I would like the lines below, from the one with "R tennesmed Sweden" through the one with "Detail on railway", copied exactly and without any pictures.

------ Data records

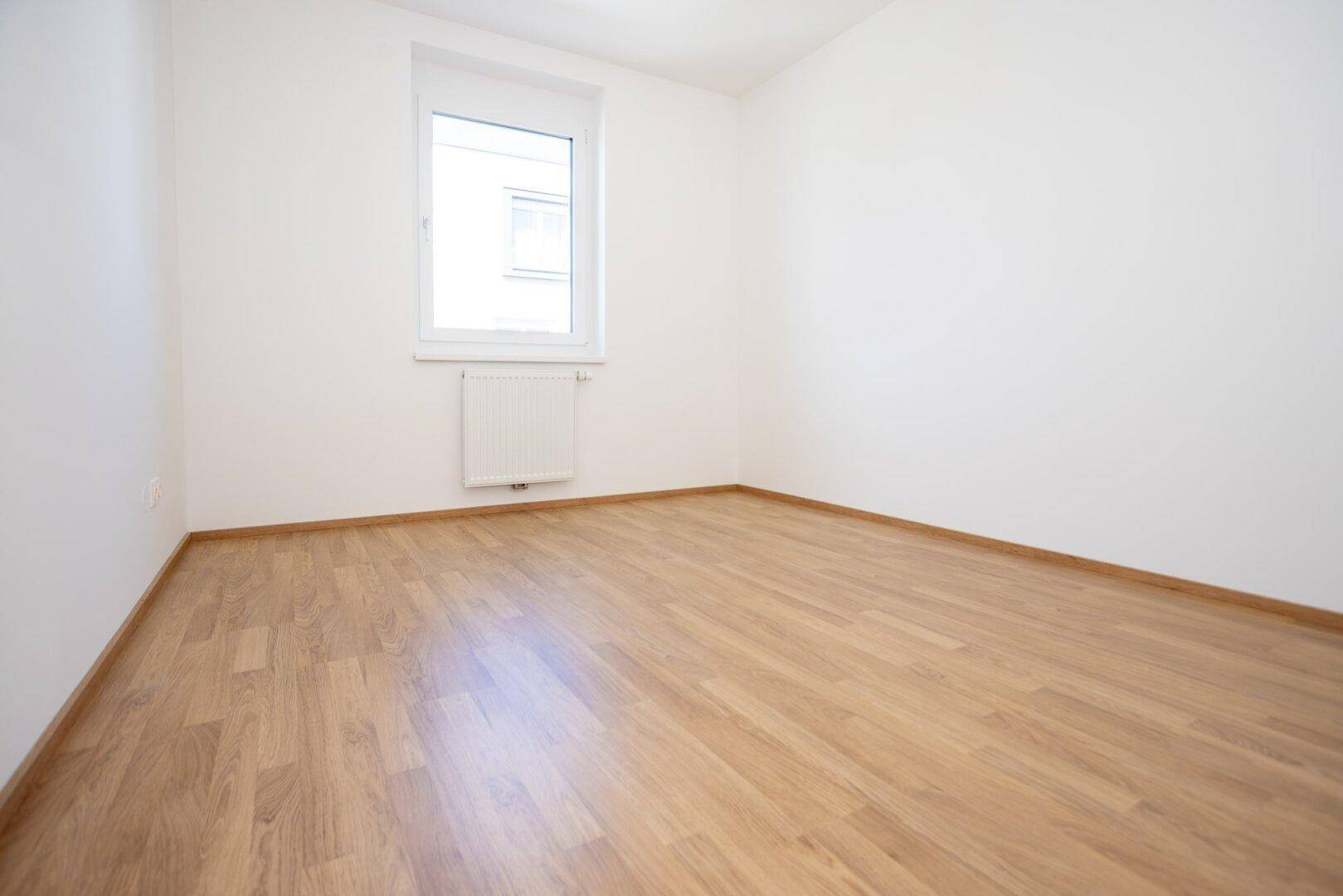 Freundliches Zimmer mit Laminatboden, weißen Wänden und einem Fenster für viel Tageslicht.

------------
------ Data records

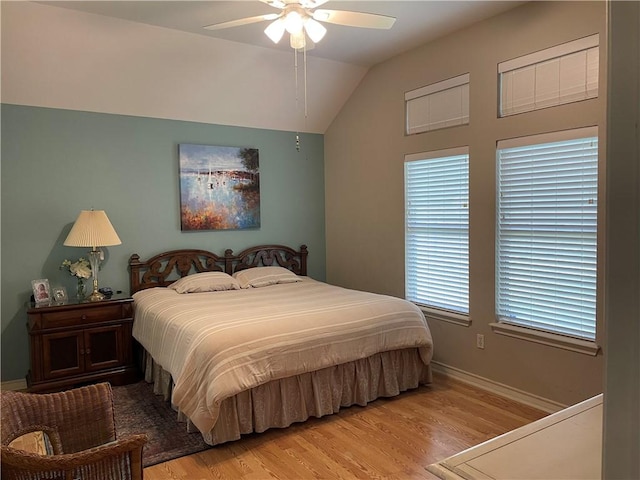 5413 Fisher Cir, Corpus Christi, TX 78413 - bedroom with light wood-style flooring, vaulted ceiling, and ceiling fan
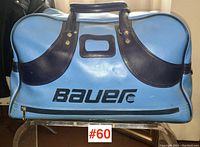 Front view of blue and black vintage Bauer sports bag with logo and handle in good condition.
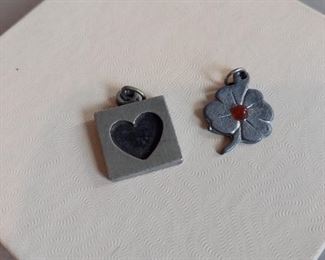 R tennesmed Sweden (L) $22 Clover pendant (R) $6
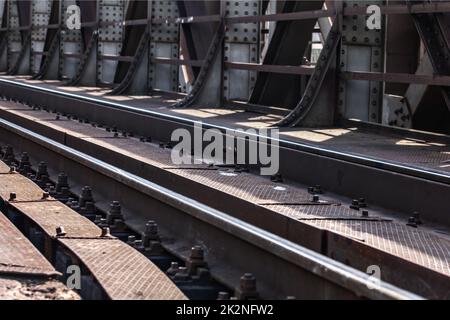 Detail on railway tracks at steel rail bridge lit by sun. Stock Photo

------------
------ Data records

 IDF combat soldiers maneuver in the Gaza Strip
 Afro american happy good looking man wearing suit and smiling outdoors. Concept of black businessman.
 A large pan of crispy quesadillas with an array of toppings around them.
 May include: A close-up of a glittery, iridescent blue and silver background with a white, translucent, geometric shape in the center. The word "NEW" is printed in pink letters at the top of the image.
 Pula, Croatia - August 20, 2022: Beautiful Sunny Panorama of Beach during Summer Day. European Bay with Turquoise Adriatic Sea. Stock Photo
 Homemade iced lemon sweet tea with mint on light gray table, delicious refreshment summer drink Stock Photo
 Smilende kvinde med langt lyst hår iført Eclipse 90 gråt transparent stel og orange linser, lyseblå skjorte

------------

**Answer area**
 R tennesmed Sweden (L) $22 Clover pendant (R) $6
 Detail on railway tracks at steel rail bridge lit by sun. Stock Photo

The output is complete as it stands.